The punishment angle always seemed stupid to me (what?
Something stupid in the backstory for "Hero"? Impossible!). Even if Galactica was old, she still would've a crew and airwing that was several times larger than Valkryie's, plus a wartime history implied to be comparable to
the Enterprise in World War II. Even if they ripped out the engines and tied it to a rock, commanding Galactica would've been a position of tremendous responsibility and prestige (like commanding the
Constitution), nothing like being reassigned to a desk job or quietly encouraged to take a lobbying job in the civilian sector.
Luckily, our only evidence for that is Tigh's drunken rantings, and third season Colonel Tigh is the least reliable character in all of BSG-dom.

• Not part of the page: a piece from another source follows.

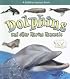 Dolphins and Other Marine Mammals (What Kind of Animal Is It?)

I guess we could pretend the Colonials used the same Valkyrie space frame because it's essentially good, and just kept updating it's systems and weapons over the years without too much external differences. So the old Valkyrie we saw here could be the original, and the ones in nBSG could be like tier 4 refits or something. That would explain almost everything apart from the modern lines that seem to suggest "modern light battlestar", not "1CW slugger".
It's also possible that the Valkyrie they mentioned was the larger battlestar, and the one see in "Hero" is it's replacement, which coincidentally shares a design with the smaller battlestars in the ghost fleet (which is needlessly baroque from a storytelling standpoint, and if they wanted it to be a different ship, they would've used a different name, but it's an option). We always had evidence that they kept ships cosmetically identical to Galatica in service (one in the mini, a couple docked near Pegasus in Razor), and Galactica was treated as an anomaly for never having had better computers installed, so the age of the hull design isn't a big deal.

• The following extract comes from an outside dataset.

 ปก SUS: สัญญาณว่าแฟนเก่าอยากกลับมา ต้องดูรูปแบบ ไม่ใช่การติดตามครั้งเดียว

Adama himself wasn't badly acted, but I didn't 'feel' Adama in the character.
He reminds me a bit of Starbuck, which makes sense (his second or third scene in the miniseries has him saying she reminds him of him), but I'd say the biggest influence is Joe Adama in Caprica. I love how young Bill pronounces "Adama" with the same accent as his father. Though (and this really goes back to Razor), I'm not sure how I feel about Adama being born as Admiral Badass. All I could think about after seeing the scene in the CIC with Commander Nash was whether that ever came back to Adama during the series. Like, say, right before his one-ship assault on Occupied New Caprica, or his one-ship siege on the Cylon Homeworld.

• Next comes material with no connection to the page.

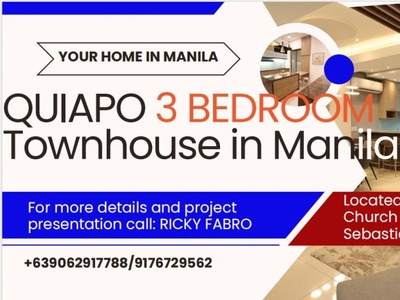 Quiapo 3 Bedroom Townhouse gated for sale in Manila near Church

I just imagine him looking around the CIC, suddenly remembering the first time he stood in that spot, and hearing Nash say, "I think you're a cocky son-of-a-*****," and then picking up the phone and giving his New Caprica speech. The one that goes "You all know this mission is a one-way trip... to
total success." And then thinking,
It ain't being cocky if you're really that good. I feel like it might've been more interesting (and, again, Razor set the precedent) if Adama actually had to develop his insane confidence instead of having it, and being able to back it up, for his whole life. It would've made him seem more relatable.